The data Block Start

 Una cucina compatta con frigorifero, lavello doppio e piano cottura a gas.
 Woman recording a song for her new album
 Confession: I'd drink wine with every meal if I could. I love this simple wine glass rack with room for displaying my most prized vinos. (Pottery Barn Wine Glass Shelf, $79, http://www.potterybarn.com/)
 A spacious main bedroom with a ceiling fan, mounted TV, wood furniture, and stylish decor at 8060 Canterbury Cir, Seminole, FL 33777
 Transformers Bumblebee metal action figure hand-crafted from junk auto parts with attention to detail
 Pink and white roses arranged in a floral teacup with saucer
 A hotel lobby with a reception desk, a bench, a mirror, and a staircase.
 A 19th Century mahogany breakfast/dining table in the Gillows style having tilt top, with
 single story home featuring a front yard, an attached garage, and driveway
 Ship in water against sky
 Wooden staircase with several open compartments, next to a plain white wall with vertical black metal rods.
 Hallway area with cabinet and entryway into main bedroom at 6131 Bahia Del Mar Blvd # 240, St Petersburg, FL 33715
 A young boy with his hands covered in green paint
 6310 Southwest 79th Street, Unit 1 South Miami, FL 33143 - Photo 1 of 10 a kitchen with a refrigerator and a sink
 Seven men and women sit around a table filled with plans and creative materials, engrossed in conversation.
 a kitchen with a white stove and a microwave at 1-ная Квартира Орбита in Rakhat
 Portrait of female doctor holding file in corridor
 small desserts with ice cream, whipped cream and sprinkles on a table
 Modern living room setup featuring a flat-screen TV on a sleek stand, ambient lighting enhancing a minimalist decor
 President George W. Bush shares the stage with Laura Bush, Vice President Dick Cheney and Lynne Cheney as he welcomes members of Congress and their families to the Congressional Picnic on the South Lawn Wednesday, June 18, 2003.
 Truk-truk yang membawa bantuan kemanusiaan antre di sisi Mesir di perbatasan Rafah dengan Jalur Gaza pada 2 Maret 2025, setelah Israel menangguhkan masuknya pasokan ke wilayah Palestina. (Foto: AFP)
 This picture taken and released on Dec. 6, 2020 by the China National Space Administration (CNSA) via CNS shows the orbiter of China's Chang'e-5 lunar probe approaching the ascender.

The data Block End

Instructions to follow
Reproduce exactly the stretch of the material above that starts at the line with "A spacious main" and ends at the line with "Hallway area with", both included, and nothing else.

Final answer
 A spacious main bedroom with a ceiling fan, mounted TV, wood furniture, and stylish decor at 8060 Canterbury Cir, Seminole, FL 33777
 Transformers Bumblebee metal action figure hand-crafted from junk auto parts with attention to detail
 Pink and white roses arranged in a floral teacup with saucer
 A hotel lobby with a reception desk, a bench, a mirror, and a staircase.
 A 19th Century mahogany breakfast/dining table in the Gillows style having tilt top, with
 single story home featuring a front yard, an attached garage, and driveway
 Ship in water against sky
 Wooden staircase with several open compartments, next to a plain white wall with vertical black metal rods.
 Hallway area with cabinet and entryway into main bedroom at 6131 Bahia Del Mar Blvd # 240, St Petersburg, FL 33715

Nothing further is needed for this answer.